FACTORS INFLUENCING DELIVERY BY SKILLED BIRTH ATTENDANTS AND POSTNATAL HEALTH CHECK AMONG MOTHER IN HLAING-THARYAR TOWNSHIP, MYANMAR

Aye Thi Khaing, Sirinya Phulkerd, Amara Soonthorndhada, Ayesandar Mon, Pojjana Hunchangsith

Abstract

Introduction: Complications during pregnancy and childbirth are the leading cause of death among women of reproductive age in Myanmar. It is generally believed by women in developing countries that pregnancy is a natural phenomenon and a part of women's reproductive functions. Problems or complications during pregnancy are also considered by such women as being natural to pregnancy. Low coverage of institutional deliveries, giving deliveries at homes without skilled provider and delays to reach to the health facilities are leading towards the vast majority of maternal deaths in Myanmar. Methods: The purpose of this study is to identify percentage of skilled birth attendant’s utilization among ever-married women (15-49 years) in Hlaing-Tharyar Township, Yangon, Myanmar. A quantitative cross-sectional survey was conducted. A total of 300 ever-married women who had delivered at least one child were selected by simple random sampling and face to face interviews were performed to them by using a pre-tested structured questionnaire. The structured questionnaire including socio-demographic background, history of last pregnancy, accessibility of health services, women’s autonomy and male involvement during pregnancy.

Results: The study found that 65 percent of the sample used skilled birth attendants (SBAs) at delivery and the association between mother’s education, place of residence, parity, number of antenatal care visits, women’s autonomy and male involvement were significantly related with using skilled birth attendant at delivery and postnatal health check. About one-third (35%) were received care from non- SBAs during delivery and the postpartum period in that township.
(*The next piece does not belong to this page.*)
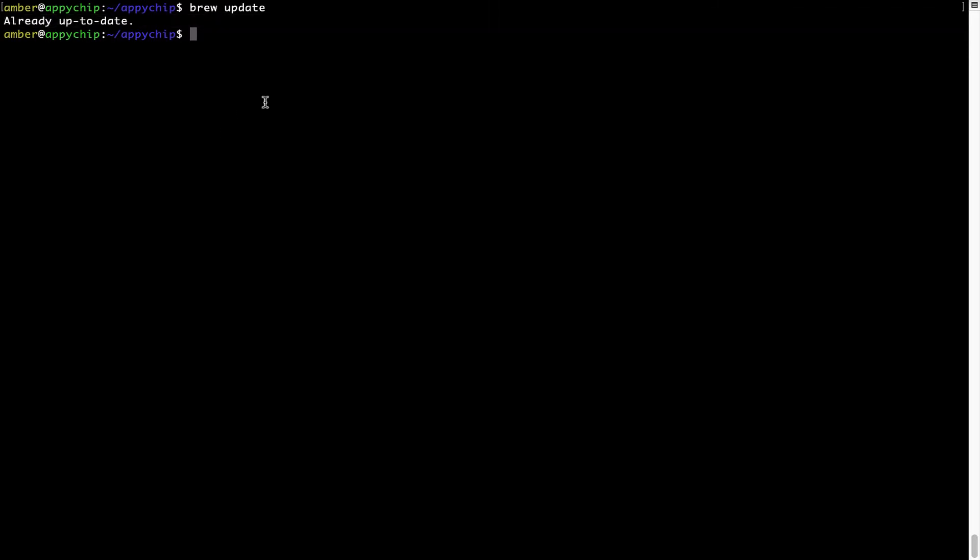Now to install the app, let's run the brew install command. Mind you, if during installation you are prompted to enter a password, enter your Mac user's password to continue.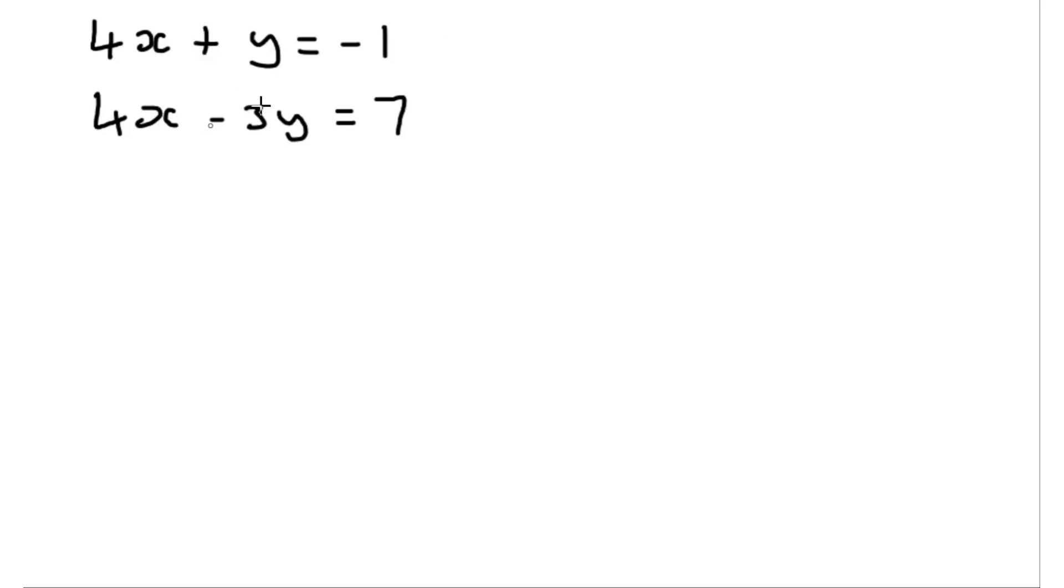We're going to solve this pair of simultaneous equations. So first thing I'm going to do, which you should always do, is label the equations 1 and 2.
Accessibility to health services and availability of health care personnel were not significantly associated with the use of skilled birth attendants in the delivery and postpartum of the last child.

Conclusions: Findings from this study highlighted that the majority of SBAs were providing reproductive healthcare services with a certain level of quality within the limited resource setting at the study area. There was a need to increase health education activities by SBAs for the pregnant and lactating mothers especially for utilization of maternal health care services. Awareness raising activities on the contraceptive method used should also be enhanced for all lactating women.